## Goal of the exercise:
Only the lines in the entries below from the line with "LLoyd's Restaurant & Lounge" to the line with "Công ty công", both included, belong in the answer, transcribed exactly and without pictures.

BEGIN Entries shown

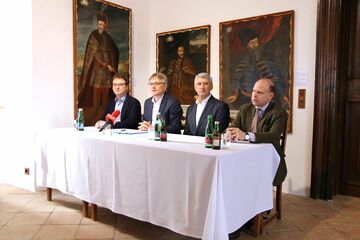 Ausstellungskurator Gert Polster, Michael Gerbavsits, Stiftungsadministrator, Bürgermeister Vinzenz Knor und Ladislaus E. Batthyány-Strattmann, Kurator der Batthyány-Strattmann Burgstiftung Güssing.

END Entries shown
BEGIN Entries shown

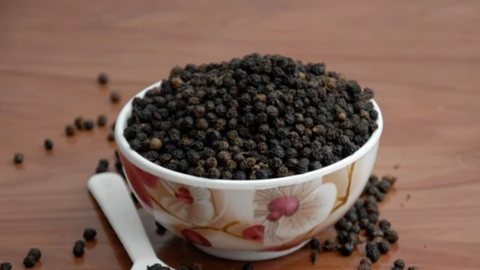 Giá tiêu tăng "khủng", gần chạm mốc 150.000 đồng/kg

END Entries shown
BEGIN Entries shown

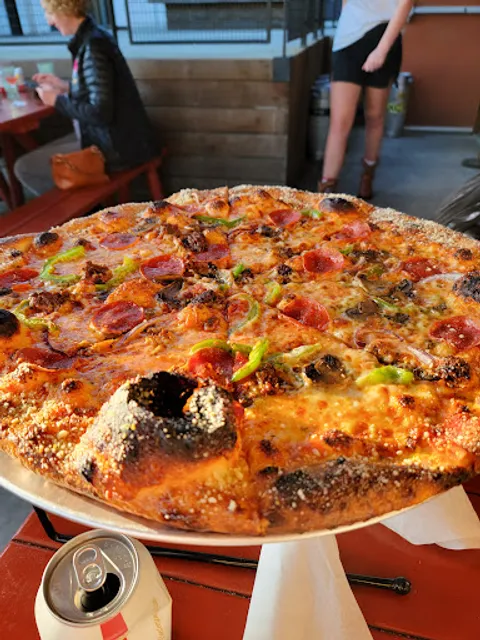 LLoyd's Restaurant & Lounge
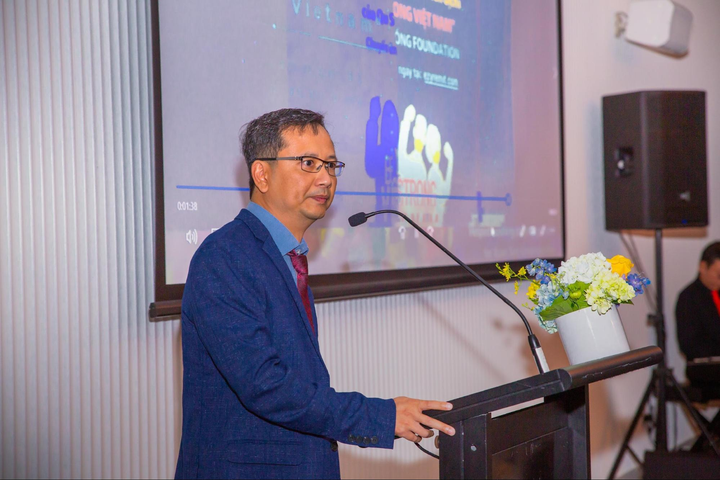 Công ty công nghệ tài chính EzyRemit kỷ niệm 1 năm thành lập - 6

END Entries shown

## Answer for the task:
 LLoyd's Restaurant & Lounge
 Công ty công nghệ tài chính EzyRemit kỷ niệm 1 năm thành lập - 6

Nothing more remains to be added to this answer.